Nielsen moved closer to the trail and soon saw the man returning. The Filipino sported a large bolo knife hanging from his side, and Nielsen decided he would jump him as he approached, grab the knife, and interrogate him. He crouched down beside the trail under thick grass and waited, but changed his mind. As the Filipino passed, Nielsen called out, “Hey, Joe! Come here! I would like to talk to you.”15

  The man stopped, afraid to move. Nielsen remained hidden, equally afraid to make the first move, but he tried to convince the man to come closer. “Don’t worry,” Nielsen said. “It’s all right. We’re friends. I’m not going to hurt you.”

  The man finally spoke, and Nielsen was relieved to hear English.
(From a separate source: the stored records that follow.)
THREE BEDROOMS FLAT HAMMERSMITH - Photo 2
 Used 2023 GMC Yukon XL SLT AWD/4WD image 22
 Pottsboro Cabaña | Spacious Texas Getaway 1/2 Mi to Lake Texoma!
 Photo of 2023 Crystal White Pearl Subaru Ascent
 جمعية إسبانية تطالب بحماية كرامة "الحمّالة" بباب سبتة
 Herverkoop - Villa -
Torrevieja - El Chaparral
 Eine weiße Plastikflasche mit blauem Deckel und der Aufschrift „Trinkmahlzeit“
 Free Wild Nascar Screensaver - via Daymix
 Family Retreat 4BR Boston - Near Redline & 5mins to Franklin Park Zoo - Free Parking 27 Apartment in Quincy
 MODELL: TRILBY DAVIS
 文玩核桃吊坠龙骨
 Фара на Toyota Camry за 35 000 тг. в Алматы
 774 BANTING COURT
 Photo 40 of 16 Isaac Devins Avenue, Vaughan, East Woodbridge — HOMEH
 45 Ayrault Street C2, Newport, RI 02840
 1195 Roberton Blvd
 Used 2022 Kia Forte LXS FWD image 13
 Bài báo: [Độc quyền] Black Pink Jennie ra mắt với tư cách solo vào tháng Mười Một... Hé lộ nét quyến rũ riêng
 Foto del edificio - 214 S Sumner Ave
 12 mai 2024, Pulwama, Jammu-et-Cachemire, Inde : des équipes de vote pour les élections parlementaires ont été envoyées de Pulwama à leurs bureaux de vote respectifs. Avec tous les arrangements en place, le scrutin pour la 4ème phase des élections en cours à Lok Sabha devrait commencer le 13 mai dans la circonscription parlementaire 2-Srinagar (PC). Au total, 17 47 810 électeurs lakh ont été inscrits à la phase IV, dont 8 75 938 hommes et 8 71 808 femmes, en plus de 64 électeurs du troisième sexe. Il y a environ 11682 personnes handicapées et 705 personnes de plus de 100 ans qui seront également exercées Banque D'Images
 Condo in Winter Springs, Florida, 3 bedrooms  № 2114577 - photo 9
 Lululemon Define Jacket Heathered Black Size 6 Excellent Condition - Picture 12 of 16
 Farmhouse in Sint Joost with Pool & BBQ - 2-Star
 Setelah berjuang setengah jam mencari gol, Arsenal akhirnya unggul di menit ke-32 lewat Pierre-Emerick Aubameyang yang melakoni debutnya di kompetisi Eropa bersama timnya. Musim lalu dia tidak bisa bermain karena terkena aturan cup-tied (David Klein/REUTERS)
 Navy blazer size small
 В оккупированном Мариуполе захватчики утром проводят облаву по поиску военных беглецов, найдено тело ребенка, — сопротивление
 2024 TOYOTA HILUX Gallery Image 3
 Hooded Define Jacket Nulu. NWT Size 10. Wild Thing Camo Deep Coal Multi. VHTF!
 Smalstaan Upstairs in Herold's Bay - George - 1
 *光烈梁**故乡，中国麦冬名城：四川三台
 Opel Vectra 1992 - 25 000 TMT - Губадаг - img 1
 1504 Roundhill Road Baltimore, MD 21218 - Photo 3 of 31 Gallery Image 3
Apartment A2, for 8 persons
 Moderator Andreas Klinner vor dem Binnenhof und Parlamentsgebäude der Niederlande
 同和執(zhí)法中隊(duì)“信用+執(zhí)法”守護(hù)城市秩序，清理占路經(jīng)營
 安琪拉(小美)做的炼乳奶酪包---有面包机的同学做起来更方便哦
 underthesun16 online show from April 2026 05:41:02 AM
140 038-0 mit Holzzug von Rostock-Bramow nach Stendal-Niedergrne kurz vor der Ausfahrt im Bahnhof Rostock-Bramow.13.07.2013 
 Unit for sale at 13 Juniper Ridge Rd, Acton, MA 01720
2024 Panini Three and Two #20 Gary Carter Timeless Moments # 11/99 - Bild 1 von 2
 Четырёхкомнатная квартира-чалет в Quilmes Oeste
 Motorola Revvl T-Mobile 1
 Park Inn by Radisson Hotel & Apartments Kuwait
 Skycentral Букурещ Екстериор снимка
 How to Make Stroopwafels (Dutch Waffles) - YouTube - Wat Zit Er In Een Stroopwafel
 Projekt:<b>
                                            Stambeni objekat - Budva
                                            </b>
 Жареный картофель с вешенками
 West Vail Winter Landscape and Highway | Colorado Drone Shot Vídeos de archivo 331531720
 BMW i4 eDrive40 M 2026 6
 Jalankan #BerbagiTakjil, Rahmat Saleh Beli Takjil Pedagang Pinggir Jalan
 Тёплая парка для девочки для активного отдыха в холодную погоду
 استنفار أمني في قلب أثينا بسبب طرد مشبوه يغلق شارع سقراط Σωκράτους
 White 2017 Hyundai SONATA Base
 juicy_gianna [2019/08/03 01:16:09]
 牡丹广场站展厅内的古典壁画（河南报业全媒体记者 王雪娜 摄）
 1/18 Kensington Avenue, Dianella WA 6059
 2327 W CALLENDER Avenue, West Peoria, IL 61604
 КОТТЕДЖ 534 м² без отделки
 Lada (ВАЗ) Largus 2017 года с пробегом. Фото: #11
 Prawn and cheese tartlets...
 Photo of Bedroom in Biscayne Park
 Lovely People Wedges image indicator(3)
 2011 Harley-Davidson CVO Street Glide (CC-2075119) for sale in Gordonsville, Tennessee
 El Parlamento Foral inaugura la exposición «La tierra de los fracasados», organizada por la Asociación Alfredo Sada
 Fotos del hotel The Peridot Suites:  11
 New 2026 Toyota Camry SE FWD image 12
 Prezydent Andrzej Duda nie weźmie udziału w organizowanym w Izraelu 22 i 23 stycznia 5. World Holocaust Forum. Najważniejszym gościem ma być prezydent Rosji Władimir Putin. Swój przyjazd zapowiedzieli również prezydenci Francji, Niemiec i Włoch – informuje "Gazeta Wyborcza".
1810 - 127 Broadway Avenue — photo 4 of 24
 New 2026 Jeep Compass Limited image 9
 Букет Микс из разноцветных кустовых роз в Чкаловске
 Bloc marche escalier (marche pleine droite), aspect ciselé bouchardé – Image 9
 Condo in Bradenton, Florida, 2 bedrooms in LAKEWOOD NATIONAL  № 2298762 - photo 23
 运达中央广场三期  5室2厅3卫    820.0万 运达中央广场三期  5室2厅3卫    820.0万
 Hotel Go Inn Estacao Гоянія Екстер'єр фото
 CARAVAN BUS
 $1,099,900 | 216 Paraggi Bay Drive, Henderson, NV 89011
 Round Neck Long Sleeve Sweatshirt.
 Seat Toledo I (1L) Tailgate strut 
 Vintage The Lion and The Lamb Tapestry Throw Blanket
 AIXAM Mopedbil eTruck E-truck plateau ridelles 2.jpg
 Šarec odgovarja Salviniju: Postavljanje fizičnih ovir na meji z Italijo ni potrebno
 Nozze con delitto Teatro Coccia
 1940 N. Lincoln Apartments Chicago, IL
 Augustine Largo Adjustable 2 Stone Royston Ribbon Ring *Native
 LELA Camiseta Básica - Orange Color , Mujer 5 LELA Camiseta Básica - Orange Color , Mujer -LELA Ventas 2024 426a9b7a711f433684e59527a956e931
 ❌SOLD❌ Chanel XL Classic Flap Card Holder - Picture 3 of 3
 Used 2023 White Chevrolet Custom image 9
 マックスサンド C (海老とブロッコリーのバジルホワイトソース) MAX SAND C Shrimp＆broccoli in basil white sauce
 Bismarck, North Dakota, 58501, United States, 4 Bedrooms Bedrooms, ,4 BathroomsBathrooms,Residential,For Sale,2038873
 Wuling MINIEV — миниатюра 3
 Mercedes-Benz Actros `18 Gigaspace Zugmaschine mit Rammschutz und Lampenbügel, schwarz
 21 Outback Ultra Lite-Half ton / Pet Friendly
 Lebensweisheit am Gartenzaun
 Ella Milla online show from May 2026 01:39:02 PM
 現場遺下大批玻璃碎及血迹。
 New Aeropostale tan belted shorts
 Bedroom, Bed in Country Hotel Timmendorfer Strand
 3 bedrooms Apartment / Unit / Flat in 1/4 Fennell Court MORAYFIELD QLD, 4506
The Filipino explained that he was an inmate of the Philippine government at the Iwahig colony. His name was Sayadi Moro.

  “Can you get me a drink of water?” Nielsen asked.

  “Yeah!” Sayadi motioned for the naked American to follow him. At a spring a short distance up the trail, Nielsen received his first clean water since the massacre. He asked for food, and Sayadi ran off, quickly returning with two small roots about three-quarters of an inch in diameter and four inches in length. Gene noted the local vegetable tasted much like sweet potato as he wolfed down the roots.16

  As Nielsen finished chewing, the young man suddenly announced, “You have friends.”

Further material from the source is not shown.